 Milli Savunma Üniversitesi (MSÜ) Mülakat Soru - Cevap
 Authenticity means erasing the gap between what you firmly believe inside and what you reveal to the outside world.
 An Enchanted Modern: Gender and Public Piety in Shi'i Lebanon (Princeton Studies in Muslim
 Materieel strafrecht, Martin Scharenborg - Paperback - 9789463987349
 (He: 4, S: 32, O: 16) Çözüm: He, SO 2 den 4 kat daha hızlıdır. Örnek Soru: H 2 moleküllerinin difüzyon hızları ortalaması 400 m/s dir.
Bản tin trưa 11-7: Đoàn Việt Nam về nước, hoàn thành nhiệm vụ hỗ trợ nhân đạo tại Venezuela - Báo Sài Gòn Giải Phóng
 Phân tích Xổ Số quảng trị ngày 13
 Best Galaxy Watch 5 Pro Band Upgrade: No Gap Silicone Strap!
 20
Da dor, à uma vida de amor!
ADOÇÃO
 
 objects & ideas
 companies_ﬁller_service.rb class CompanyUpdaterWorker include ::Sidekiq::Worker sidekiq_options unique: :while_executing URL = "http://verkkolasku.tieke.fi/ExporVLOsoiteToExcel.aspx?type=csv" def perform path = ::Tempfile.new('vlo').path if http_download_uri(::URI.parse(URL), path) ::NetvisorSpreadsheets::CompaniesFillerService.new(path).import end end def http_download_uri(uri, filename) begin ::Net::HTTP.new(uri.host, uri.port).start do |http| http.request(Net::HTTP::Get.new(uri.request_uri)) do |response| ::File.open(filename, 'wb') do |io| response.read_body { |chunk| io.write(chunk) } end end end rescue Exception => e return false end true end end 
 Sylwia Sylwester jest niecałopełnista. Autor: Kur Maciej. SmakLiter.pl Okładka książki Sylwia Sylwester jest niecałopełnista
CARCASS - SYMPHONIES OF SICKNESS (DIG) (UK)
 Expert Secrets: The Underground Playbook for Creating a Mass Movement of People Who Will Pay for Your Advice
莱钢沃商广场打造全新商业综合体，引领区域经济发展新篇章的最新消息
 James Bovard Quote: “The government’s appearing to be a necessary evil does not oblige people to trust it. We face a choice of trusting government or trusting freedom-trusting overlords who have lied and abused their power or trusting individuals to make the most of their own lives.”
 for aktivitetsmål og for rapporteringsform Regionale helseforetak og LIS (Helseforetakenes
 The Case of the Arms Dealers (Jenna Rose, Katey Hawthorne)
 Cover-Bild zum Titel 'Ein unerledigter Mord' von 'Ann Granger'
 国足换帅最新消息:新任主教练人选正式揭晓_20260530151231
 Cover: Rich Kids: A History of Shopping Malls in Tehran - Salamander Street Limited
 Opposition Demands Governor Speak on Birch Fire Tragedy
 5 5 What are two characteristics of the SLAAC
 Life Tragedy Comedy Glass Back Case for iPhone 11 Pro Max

PROBLEM
Please give back exactly the lines of the listing above that run from the one containing "Expert Secrets: The" through the one containing "莱钢沃商广场打造全新商业综合体，引领区域经济发展新篇章的最新消息", and only those.

ANSWER FOR THE TASK
 Expert Secrets: The Underground Playbook for Creating a Mass Movement of People Who Will Pay for Your Advice
莱钢沃商广场打造全新商业综合体，引领区域经济发展新篇章的最新消息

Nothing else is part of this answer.